When this happens, it is known as ear barotrauma and can last for a few days or for much longer, if you are unlucky. The main symptoms are that feeling of pressure in your ear and sometimes that extends to pain in your ear caused by the pressure building. It is often something that kids experience more readily than adults simply because their tubes are narrower and more easily blocked. If your symptoms last for more than a week after a flight or if you have been diving while on holiday, then go and see your GP. 

3. Ear Infections 

These are the most common and widespread reason that we end up with muffled hearing. These can be caused by common colds and viruses, blocked noses and flu that then lead to problems in the ear. Most of us will have experienced an ear infection at one time or another and will recognise symptoms such as inflammation of the ear, feeling genuinely unwell and running a high temperature. On most occasions, the infection will pass without the need for antibiotics but if you do find the problem lingering on then do visit your GP because infections can cause long term problems.

4. Perforated or burst eardrum 

This is a serious issue and one that may require surgery to fix the tear or hole in your eardrum. There are two types of operation that you can have to put this condition right. The first is to patch it up, with something called a myringoplasty, a relatively minor operation that can be done with only a local anaesthetic. The more serious procedure is a tympanoplasty which is needed for more serious damage and requires a general anaesthetic. 

5. Glue ear

The medical term for this condition is Otitis Media with effusion and can often cause muffled hearing caused by fluid becoming trapped in your middle ear, forcing all the air out of it. The fluid sits in your ear and stops the sound vibrations making progress along the tubes and leaves you hearing a muffled sound. The symptoms of glue ear are regular popping of the ears and that same feeling of a full ear. 

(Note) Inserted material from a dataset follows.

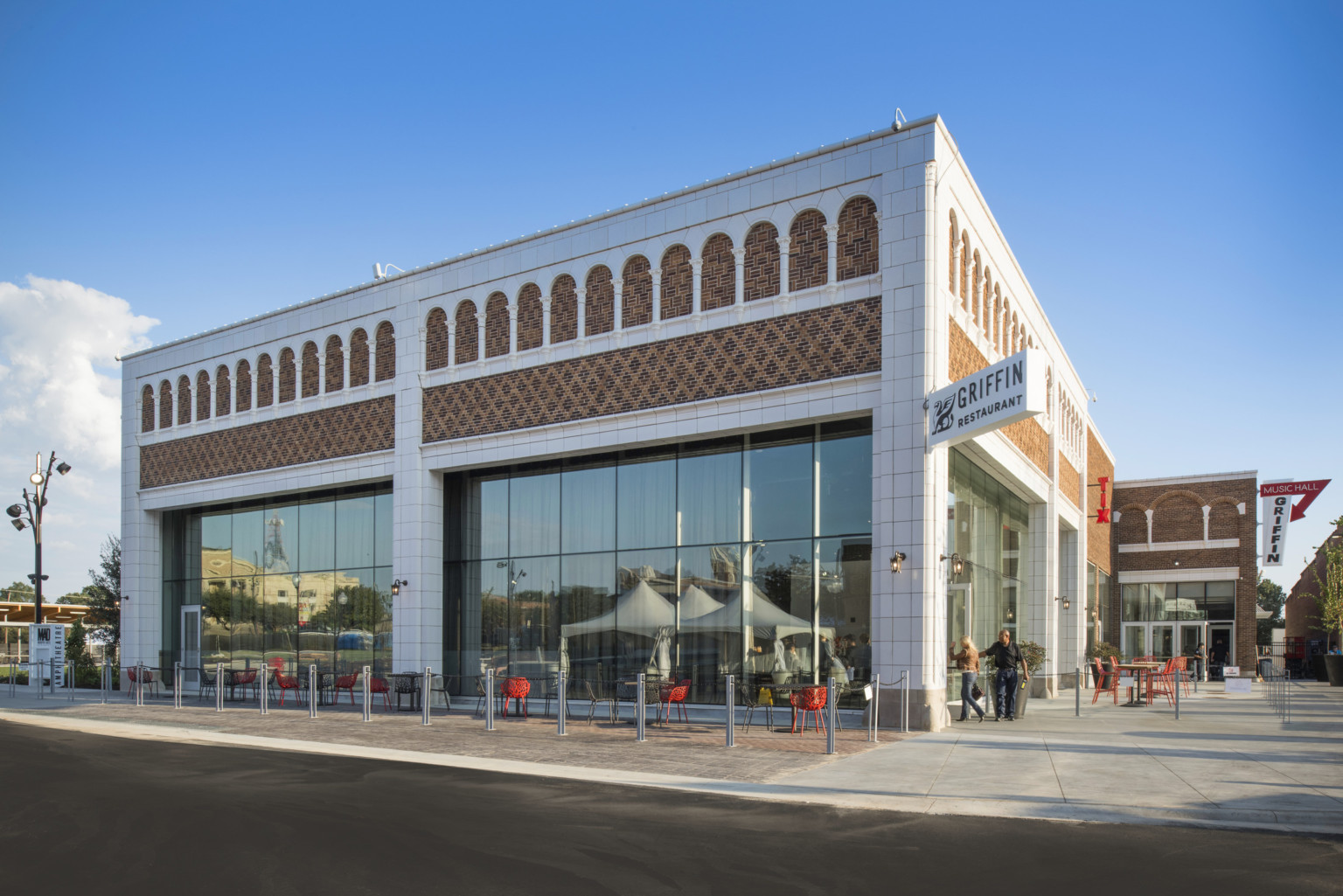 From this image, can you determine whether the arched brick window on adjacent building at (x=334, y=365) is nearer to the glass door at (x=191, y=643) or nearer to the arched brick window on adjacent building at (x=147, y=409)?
the arched brick window on adjacent building at (x=147, y=409)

Glue ear is particularly common for children, who often find it harder to describe how their symptoms actually feel. Things to look out for are kids who are having difficulty interacting with other children or struggling to pay attention. 

6. Meniere’s disease

As we have seen there is a wide range of potential reasons for your muffled ear, but one that is easier to spot is Meniere’s disease because it is accompanied by vertigo or dizziness as well as tinnitus. This is a problem that affects the inner ear and feels different from the rest of the symptoms because of that spinning feeling that is immediately recognisable. 

7. Noise damage 

The final reason may simply be down to damaging your ears with loud noises. That might be because you haven’t protected your ears from loud machinery you work with or loud music. If you do think that is behind your problems with muffled ears, then consider taking immediate action and using earplugs to prevent any further damage.